‘Anora’ Is the Best Picture Oscar Frontrunner After ‘Greatest Day’ at DGA and PGA Awards


The refrain, sung by Take That, that opens “Anora” (Neon) — “Today this could be the greatest day of our lives” — sounds like a manifestation of the Palme d’Or winner’s awards campaign over the course of the last 24 hours. On Saturday night, two guild award wins, Best Picture at the PGA and Best Director at the DGA, followed the surprise Best Film win at Friday’s 2025 Critics Choice Awards.

After a wide field of six Best Picture contenders, we finally have a frontrunner in the Oscar race.

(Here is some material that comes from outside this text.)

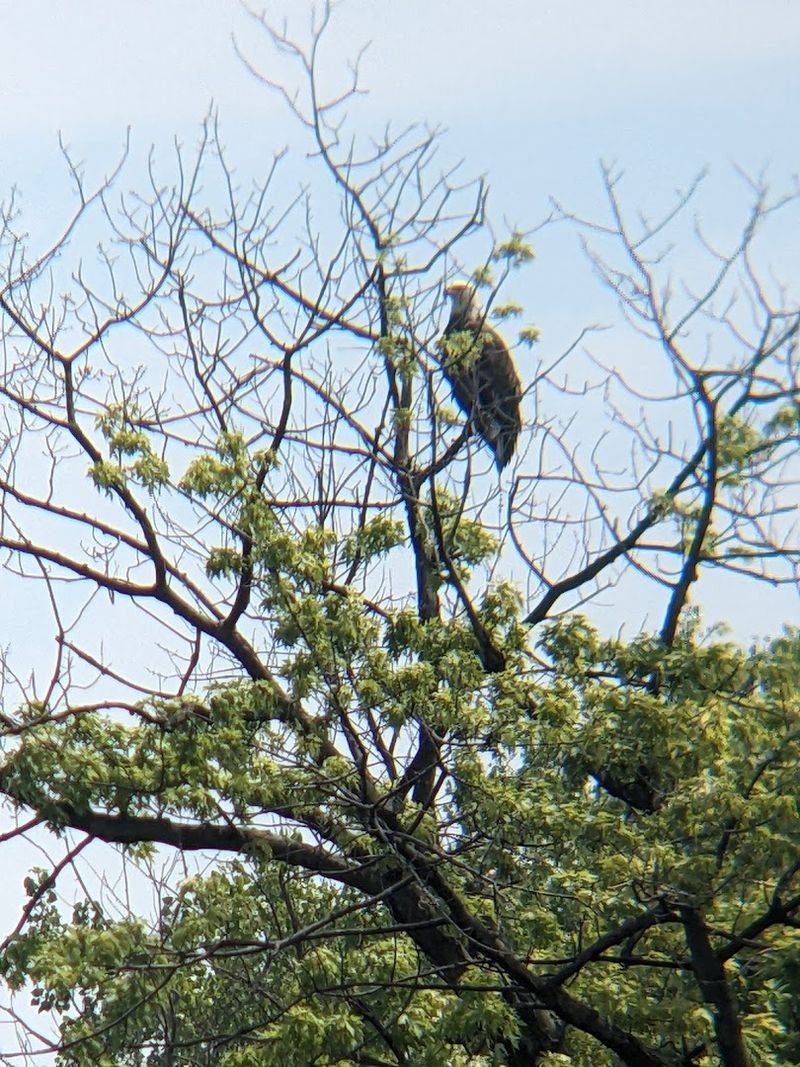 Wildlife That Will Absolutely Steal the Show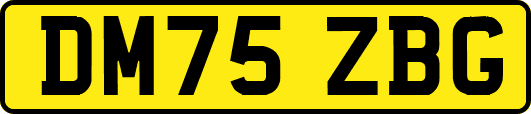 DM75ZBG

During the customary DGA acceptance speech before the announcement of the winner at the end of the night, “Anora” helmer Sean Baker expressed his admiration for his guild peers, and made another plea for theatrical distribution similar to what he stated at the CCAs. “Let’s do whatever we can do for us feature filmmakers to expand that theatrical window again; demand it. Let’s get it back to what it used to be,” said Baker. “At least 90 days, and really support movie theaters.”

That is apt campaign messaging, given that the last two Best Picture winners, “Everything Everywhere All at Once” and “Oppenheimer,” were box office success stories that proved audiences still had an appetite for non-franchise films. After winning the Theatrical Feature Film award at the DGAs, Baker thanked Neon for “putting everything into the theatrical release, supporting a long theatrical window from the very first day we won at Cannes.”

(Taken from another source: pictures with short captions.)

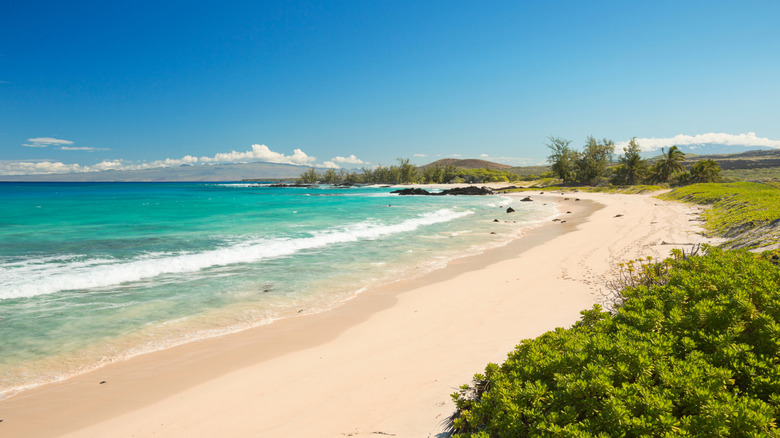 A long stretch of white sand beach meets turquoise waters with no people on Makalawena Beach, Hawaii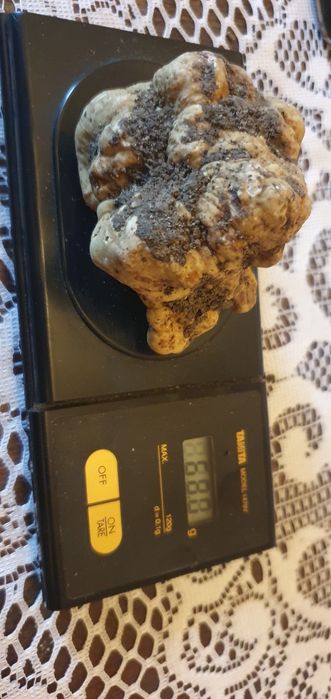 Продавам бял трюфел-Magnatum Pico за консумация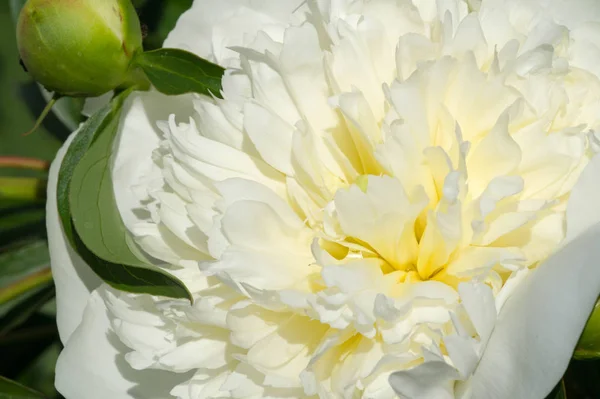 Peonía Peonía Una Planta Con Flores Perteneciente Género Paeonia Única — Foto de Stock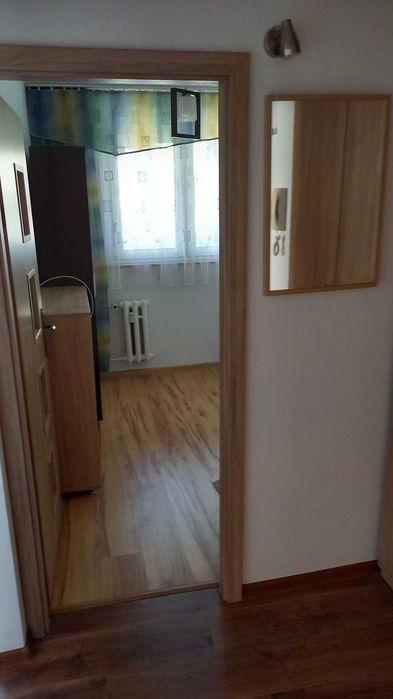 mieszkanie do wynajęcia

The studio already has one Best Picture win under its belt with “Parasite,” which started Neon’s five year streak of distributing the Palme d’Or winner at Cannes, with “Anora” being the latest, and fourth of the bunch to be nominated for the Academy Award for Best Picture. When it was released in October 2024, “Anora” became the most successful platform release of the year so far ($34 million worldwide).

“Anora” boasts both international and stateside appeal as an American Palme d’Or winner, the first since “Tree of Life” in 2011. That’s a positive, as some 10,000 Oscar voters are 20 percent international. That said, the Golden Globes, which have a similar global demographic (of journalists, not filmmakers) awarded “Anora” nothing during its January ceremony.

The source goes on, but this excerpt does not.